The existence of label noise is a common issue in classification since real-world samples unavoidably contain some noisy labels, resulting from annotation platforms such as crowdsourcing systems (Yan et al., 2014) . In the canonical setting of learning with noisy labels, we collect samples with potential mislabeling, but we do not know which samples are mislabeled since true labels are unobservable. It is troubling that overparameterized Deep Neural Networks (DNNs) can memorize noise in training, leading to poor generalization performance (Zhang et al., 2017; Chen et al., 2020b) . Thus, we are urgent for robust training methods that can mitigate the effects of label noise. The noise in stochastic gradient descent (SGD) (Wu et al., 2020) provides a crucial implicit regularization effect for training overparameterized models. SGD noise is previously studied in optimization by analyzing the dynamics of parameter updates, whereas its utility in learning with noisy labels has not been explored to the best of our knowledge.
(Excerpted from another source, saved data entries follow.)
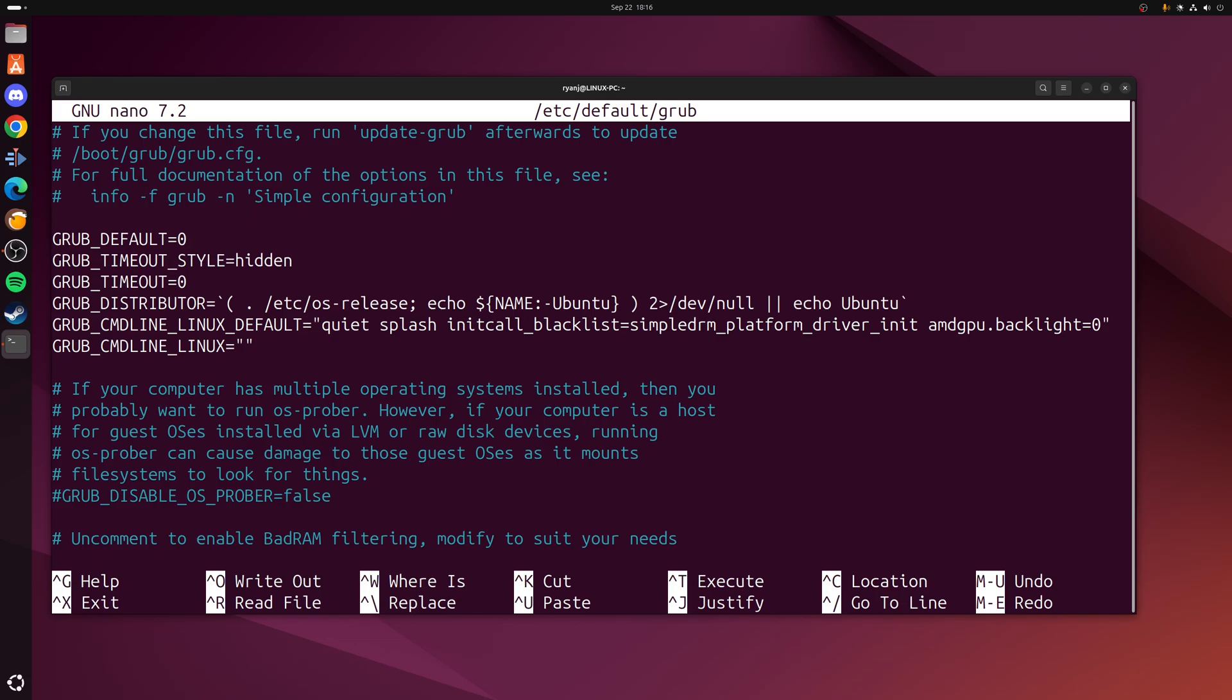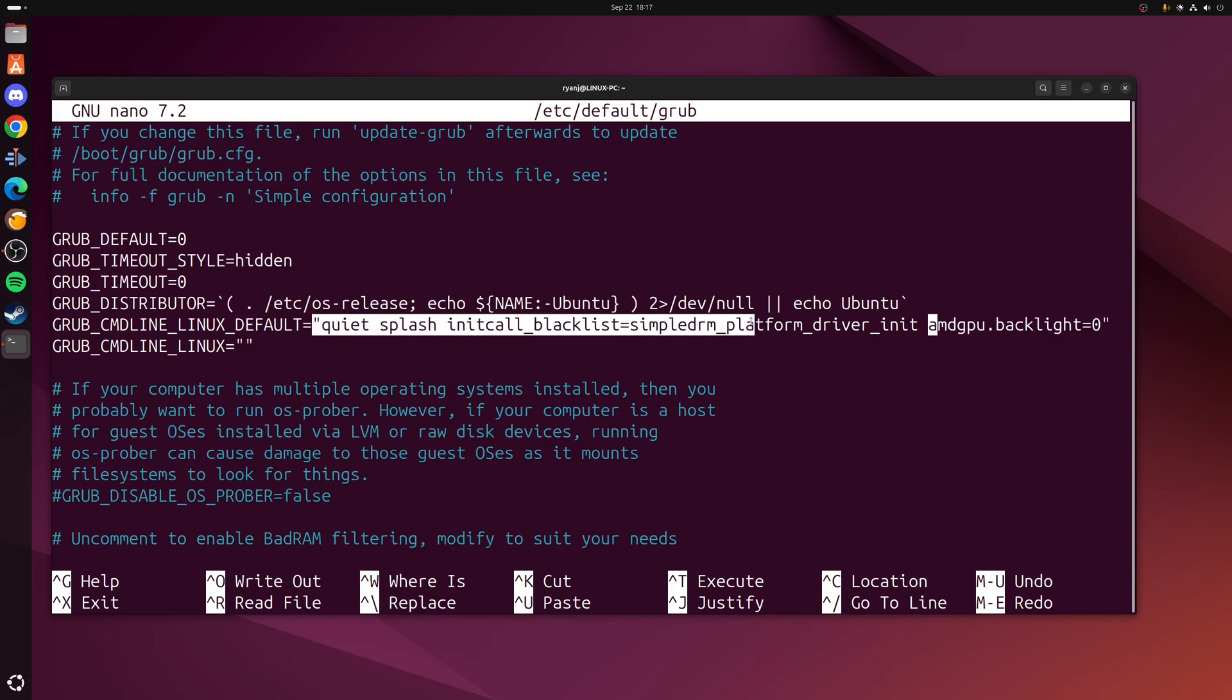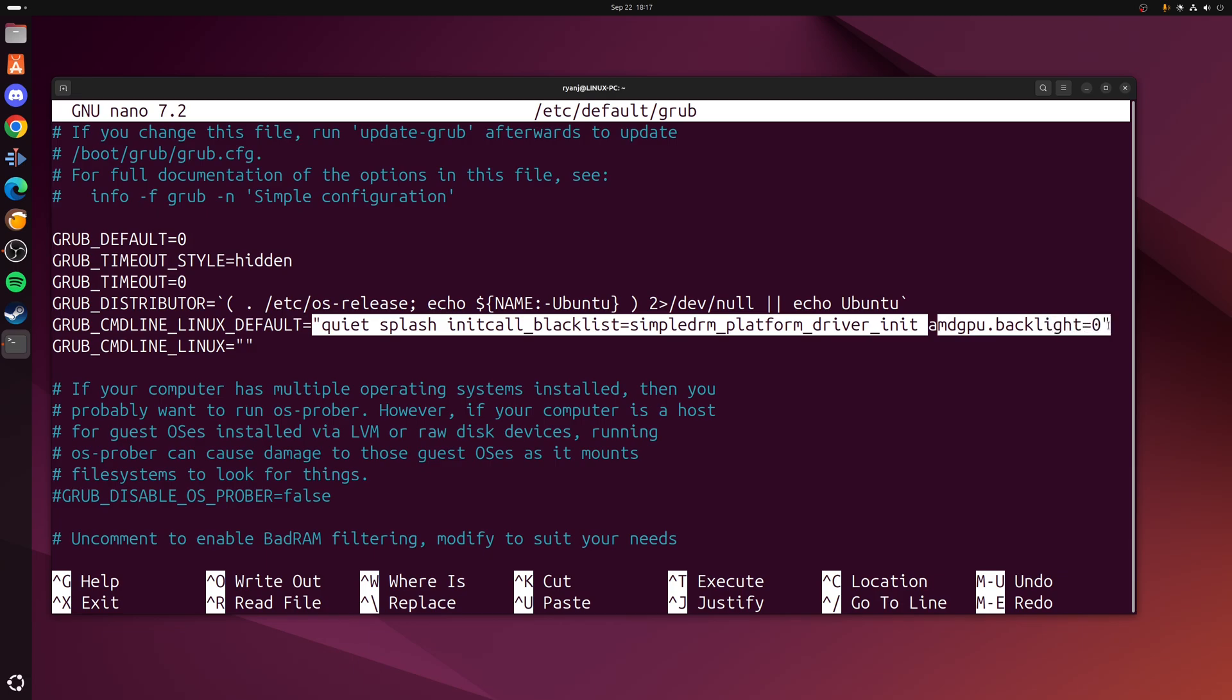Okay, so with the file open we need to navigate down to the GRUB_CMDLINE_LINUX_DEFAULT line, then add the following which is amdgpu.backlight=0. So for example, my particular setup, the whole line reads as quiet splash intercore blacklist=simpledrm platform_driver_init and then amdgpu.backlight=0.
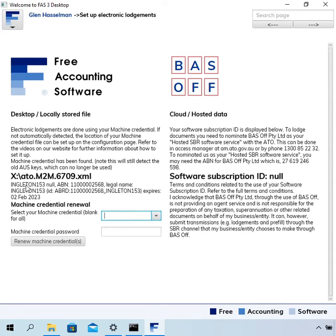So it lists your machine credentials and there's just one of them. It says it expires 2nd of February 2023.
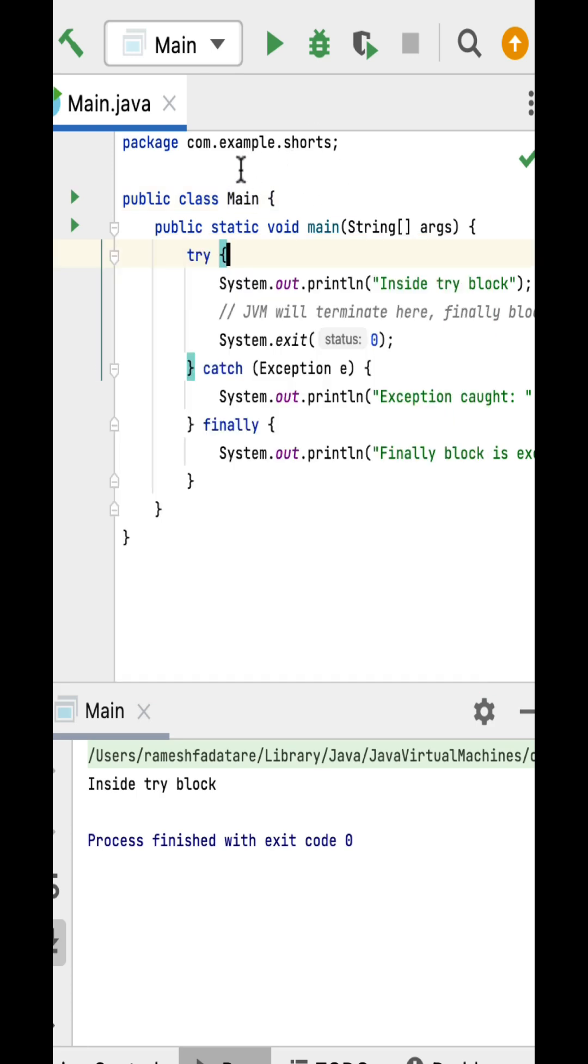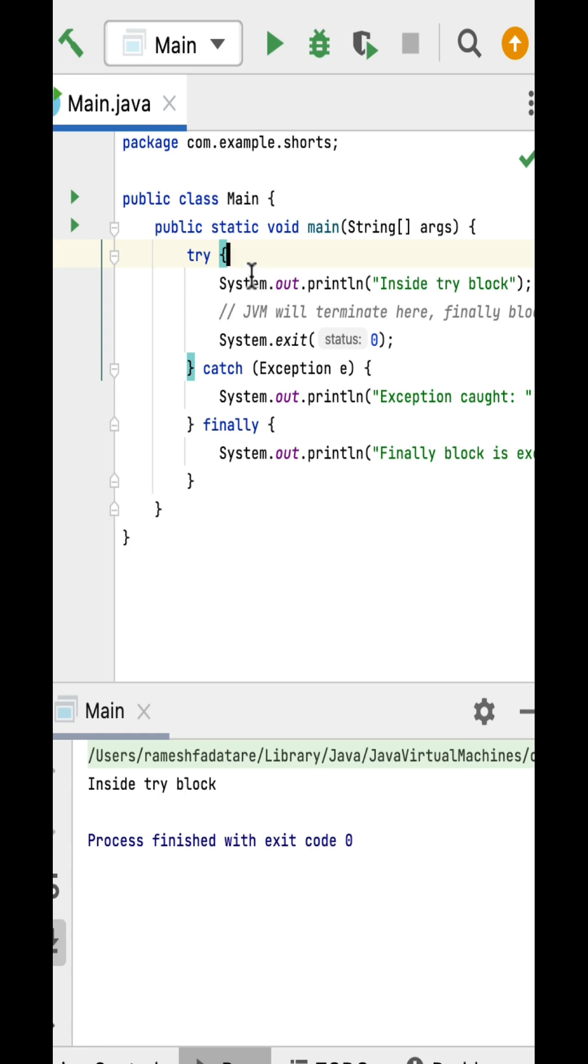Let's look at the demo. Here is a Main class with a main method. Within the main method, there's a try block. Inside the try block, System.out.println prints "Inside try block" to the console, then System.exit() is called. After that, there's a catch block and finally block. The question is: if we put System.exit() inside the try block, will the finally block execute or not?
In this paper, we find that the common SGD noise directly applied to model parameters does not endow much robustness, whereas a variant induced by controllable label noise does. Interestingly, inherent label noise is harmful to generalization, while we can mitigate its effects using additional controllable label noise. To prevent confusion, we use stochastic label noise (SLN) to indicate the label noise we introduce. Inherent label noise is biased and unknown, fixed when the data is given. SLN is mean-zero and independently sampled for each instance in each training step. Our main contributions are as follows. • We formalize the differences and connections of three SGD noise variants (Proposition 1-3) and show that SLN induces SGD noise that is dependent on the sharpness of output landscape and the confidence of output probability.